▶ **AIM OF THE EXERCISE**
Nothing should appear in the answer except the lines from the one containing "正韓夏bbb 兩色小花束上衣" through the end of the records below, written out exactly.
========
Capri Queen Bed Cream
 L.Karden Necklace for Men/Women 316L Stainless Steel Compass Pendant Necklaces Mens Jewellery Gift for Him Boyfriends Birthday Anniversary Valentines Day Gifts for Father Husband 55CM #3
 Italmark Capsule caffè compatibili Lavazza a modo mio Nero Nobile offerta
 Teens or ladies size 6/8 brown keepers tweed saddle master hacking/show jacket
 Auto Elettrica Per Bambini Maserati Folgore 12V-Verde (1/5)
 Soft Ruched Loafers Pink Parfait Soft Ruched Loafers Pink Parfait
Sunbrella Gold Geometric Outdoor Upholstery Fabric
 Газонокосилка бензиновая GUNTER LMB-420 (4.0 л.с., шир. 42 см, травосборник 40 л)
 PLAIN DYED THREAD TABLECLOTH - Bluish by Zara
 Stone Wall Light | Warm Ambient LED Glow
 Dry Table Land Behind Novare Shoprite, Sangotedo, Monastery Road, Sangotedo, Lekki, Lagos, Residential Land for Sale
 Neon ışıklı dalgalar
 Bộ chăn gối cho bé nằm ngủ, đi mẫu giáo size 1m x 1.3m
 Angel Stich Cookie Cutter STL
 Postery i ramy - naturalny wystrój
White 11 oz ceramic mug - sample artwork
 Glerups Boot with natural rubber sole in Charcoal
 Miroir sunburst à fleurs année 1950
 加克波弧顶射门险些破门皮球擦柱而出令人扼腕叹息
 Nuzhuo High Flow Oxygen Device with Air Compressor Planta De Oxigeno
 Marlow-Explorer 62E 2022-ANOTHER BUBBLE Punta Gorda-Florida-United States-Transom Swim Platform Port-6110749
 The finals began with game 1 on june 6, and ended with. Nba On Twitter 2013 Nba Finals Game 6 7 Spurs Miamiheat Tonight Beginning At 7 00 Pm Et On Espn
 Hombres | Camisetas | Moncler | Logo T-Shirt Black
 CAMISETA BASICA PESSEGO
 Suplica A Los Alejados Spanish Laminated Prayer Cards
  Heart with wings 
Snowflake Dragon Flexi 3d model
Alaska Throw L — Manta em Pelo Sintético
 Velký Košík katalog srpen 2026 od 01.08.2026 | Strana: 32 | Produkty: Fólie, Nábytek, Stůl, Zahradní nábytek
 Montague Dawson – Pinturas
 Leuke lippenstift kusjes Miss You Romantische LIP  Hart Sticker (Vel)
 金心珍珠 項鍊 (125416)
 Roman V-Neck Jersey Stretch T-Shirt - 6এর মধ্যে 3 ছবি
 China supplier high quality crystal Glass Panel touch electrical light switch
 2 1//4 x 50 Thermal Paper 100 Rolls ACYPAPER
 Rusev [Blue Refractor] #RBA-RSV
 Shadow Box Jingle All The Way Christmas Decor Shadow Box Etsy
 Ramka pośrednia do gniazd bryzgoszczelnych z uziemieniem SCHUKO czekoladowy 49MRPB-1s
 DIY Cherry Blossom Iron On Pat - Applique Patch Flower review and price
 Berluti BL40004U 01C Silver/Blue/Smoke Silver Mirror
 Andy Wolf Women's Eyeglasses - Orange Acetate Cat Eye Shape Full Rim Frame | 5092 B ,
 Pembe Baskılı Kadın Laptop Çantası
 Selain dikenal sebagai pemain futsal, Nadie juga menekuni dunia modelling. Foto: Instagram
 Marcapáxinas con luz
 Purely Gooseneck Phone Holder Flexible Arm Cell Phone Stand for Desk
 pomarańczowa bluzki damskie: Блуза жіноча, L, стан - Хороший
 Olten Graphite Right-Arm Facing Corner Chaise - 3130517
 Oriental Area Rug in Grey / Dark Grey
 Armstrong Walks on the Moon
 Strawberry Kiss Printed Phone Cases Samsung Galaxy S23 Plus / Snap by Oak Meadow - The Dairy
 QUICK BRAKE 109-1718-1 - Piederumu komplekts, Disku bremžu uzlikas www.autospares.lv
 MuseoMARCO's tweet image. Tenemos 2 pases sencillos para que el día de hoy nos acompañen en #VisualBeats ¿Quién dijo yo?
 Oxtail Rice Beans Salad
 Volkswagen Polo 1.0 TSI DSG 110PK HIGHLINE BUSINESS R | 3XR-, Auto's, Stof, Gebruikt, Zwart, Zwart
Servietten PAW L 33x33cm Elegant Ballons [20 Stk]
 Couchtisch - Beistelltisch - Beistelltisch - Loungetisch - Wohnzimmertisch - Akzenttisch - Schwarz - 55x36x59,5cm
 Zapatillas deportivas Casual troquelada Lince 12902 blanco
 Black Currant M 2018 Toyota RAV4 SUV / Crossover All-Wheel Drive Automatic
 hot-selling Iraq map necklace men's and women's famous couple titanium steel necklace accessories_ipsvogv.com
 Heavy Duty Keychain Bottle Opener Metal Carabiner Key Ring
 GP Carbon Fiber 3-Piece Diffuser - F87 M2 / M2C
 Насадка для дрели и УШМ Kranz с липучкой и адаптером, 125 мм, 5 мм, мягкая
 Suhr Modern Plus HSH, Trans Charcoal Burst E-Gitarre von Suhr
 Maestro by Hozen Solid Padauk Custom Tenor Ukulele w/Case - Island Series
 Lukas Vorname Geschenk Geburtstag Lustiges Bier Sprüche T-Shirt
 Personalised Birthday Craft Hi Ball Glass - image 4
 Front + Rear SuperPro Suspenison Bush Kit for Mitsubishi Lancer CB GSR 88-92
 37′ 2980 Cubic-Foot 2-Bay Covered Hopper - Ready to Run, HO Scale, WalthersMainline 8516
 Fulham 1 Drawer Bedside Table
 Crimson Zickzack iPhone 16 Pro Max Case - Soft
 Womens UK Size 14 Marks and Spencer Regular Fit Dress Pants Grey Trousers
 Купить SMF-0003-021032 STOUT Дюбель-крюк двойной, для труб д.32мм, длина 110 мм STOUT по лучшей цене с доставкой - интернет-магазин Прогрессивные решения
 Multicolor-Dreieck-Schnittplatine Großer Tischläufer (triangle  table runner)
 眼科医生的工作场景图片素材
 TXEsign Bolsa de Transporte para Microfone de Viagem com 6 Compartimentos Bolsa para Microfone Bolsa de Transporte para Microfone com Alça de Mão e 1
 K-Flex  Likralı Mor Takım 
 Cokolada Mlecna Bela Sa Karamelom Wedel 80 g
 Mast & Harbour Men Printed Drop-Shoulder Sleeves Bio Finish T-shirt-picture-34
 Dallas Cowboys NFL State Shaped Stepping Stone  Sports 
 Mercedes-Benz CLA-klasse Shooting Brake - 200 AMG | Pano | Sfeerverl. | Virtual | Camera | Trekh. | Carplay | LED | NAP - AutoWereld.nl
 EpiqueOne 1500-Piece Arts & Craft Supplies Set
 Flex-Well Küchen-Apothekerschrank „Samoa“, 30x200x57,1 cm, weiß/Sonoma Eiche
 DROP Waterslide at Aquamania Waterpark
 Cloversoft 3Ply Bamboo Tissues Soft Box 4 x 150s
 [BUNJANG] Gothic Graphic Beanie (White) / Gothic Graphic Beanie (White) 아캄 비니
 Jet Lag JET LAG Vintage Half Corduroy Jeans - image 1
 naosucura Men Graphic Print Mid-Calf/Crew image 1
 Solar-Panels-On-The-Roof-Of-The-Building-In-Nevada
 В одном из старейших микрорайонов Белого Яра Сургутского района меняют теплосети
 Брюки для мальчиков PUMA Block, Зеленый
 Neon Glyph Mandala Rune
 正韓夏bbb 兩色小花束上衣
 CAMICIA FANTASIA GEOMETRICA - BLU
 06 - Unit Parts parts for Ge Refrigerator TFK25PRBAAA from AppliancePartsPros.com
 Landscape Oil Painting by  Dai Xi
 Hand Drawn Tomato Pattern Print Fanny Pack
========
▶ **ANSWER SPACE**
 正韓夏bbb 兩色小花束上衣
 CAMICIA FANTASIA GEOMETRICA - BLU
 06 - Unit Parts parts for Ge Refrigerator TFK25PRBAAA from AppliancePartsPros.com
 Landscape Oil Painting by  Dai Xi
 Hand Drawn Tomato Pattern Print Fanny Pack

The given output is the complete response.